La gran mayoría de adolescentes y jóvenes piensan que el consumo alcohol u otras drogas y la diversión se encuentran relacionados. El alcohol siempre ha ocupado un papel como alternativa de ocio en nuestro país, propiciada por la cultura de bar, y muchos de ellos no piensan en los auténticos riesgos cuando se consumen esa u otras sustancias, y los diferentes estudios que se han hecho lo confirman.

Volviendo al artículo al que hacía referencia al principio, Islandia ha conseguido disminuir de forma tan notoria dichos consumos de una forma muy sencilla: ofreciendo alternativas de ocio saludable. Se han construido pistas de atletismo, bádminton, pimpón, piscinas con calefacción o campos de fútbol. Aunque las artes tienen su espacio, con el ofrecimiento de clases extraescolares de música, danza u otros tipos de arte, y todo esto para que los jóvenes agoten sus momentos de aburrimiento realizando actividades que les gustan de una forma sana. Tenemos la solución tan cerca, que parece que no queremos verla.

¿Por qué no organizar un movimiento social basado en la embriaguez natural, en que la gente se coloque con la química de su cerebro –porque me parece evidente que la gente quiere cambiar su estado de conciencia– sin los efectos perjudiciales de las drogas? (Harvey Milkman, catedrático de Psicología en EEUU)
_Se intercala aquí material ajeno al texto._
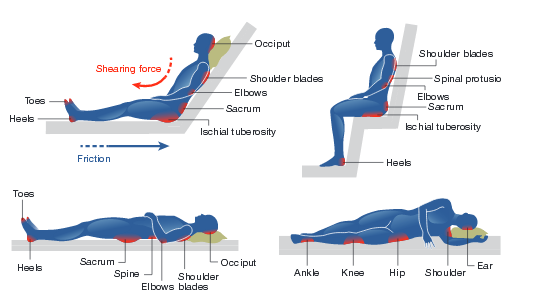 pressure-areas Pressure Areas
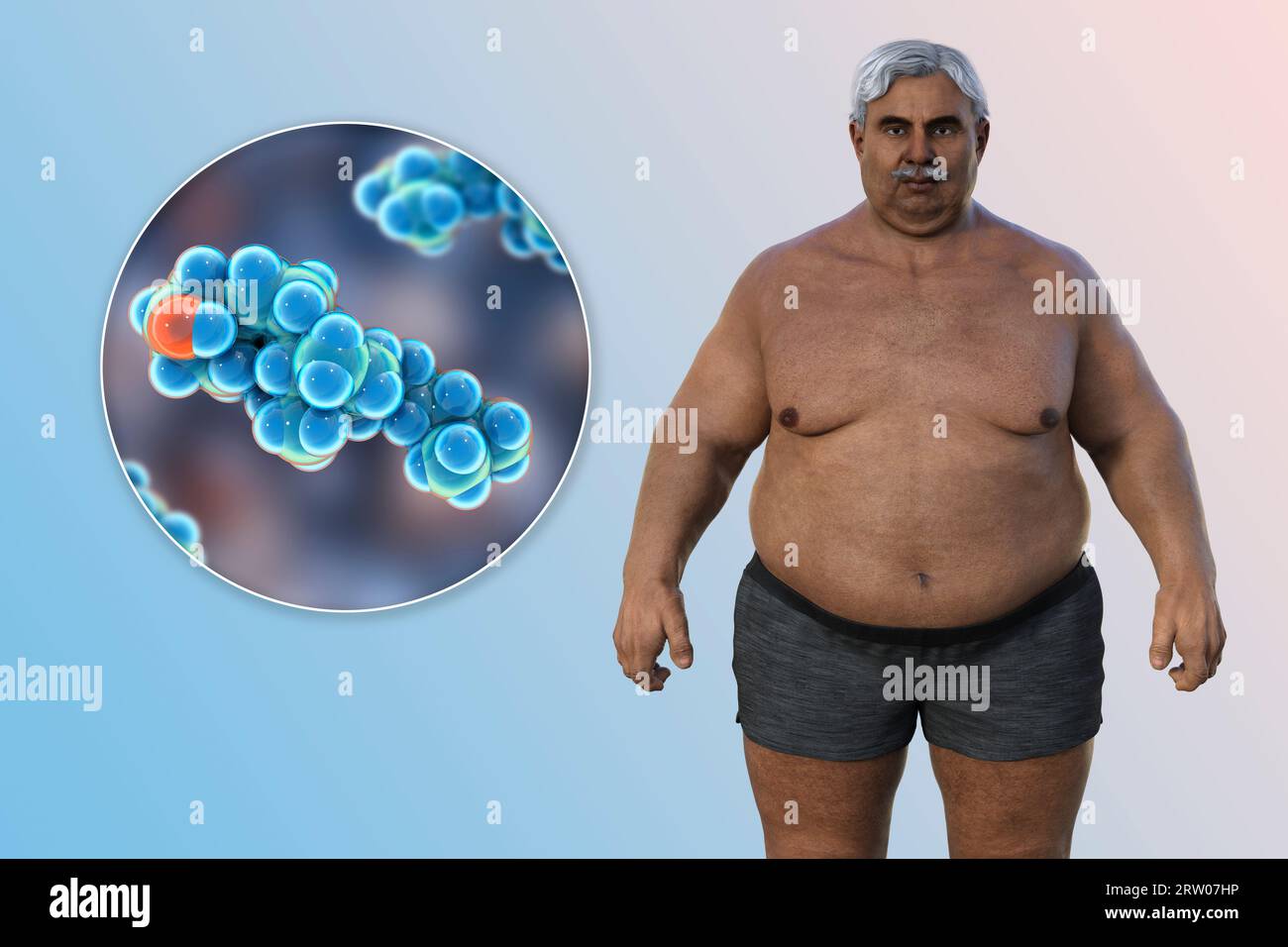 Homme en surpoids et molécule de cholestérol, illustration Banque D'Images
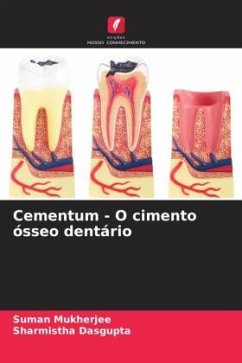 Cementum - O cimento ósseo dentário - Mukherjee, Suman;Dasgupta, Sharmistha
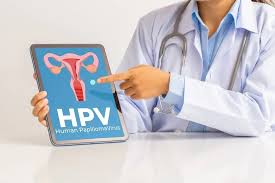 Gejala HPV yang Sering Tidak Disadari, Kenali Tanda dan Risikonya Sejak Awal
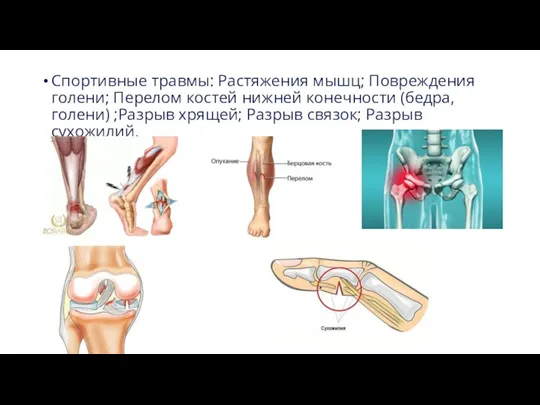 Спортивные травмы: Растяжения мышц; Повреждения голени; Перелом костей нижней конечности (бедра, голени)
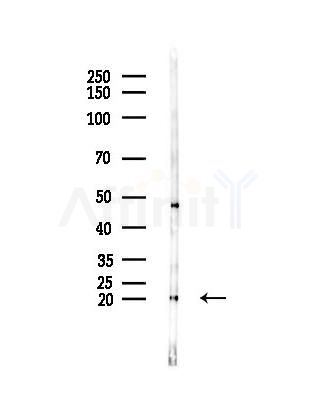 IFT20 Antibody - Western blot analysis of lysates from Mouse lung, using IFT20 Antibody at 1/1000 dilution.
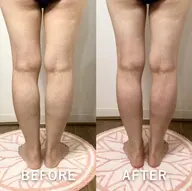 痩身◆ 【美尻/足背面美脚コース】キャビ＋ラジオ派＋痩身マッサージ50分 6000円→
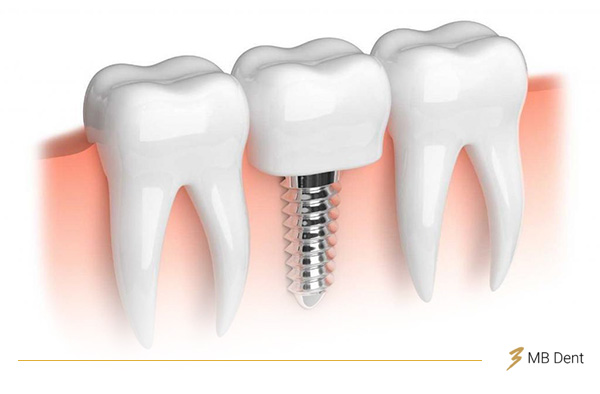 Slika zubnog implantata i pozicije prilikom ugradnje u kost.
Como medida para reducir prácticas como el botellón, donde a menudo se consumen otras drogas, muchos Ayuntamientos y Comunidades Autónomas en nuestro país han puesto en marcha desde hace tiempo programas de actividades de ocio alternativas o de prevención. Hace poco leí sobre una iniciativa de la Xunta de Galicia destinada a menores donde se informa a los jóvenes de las características y los riesgos de las sustancias que consumen. En Madrid desde hace bastantes años se celebra ‘La Noche más Joven’, el programa de ocio alternativo del Ayuntamiento.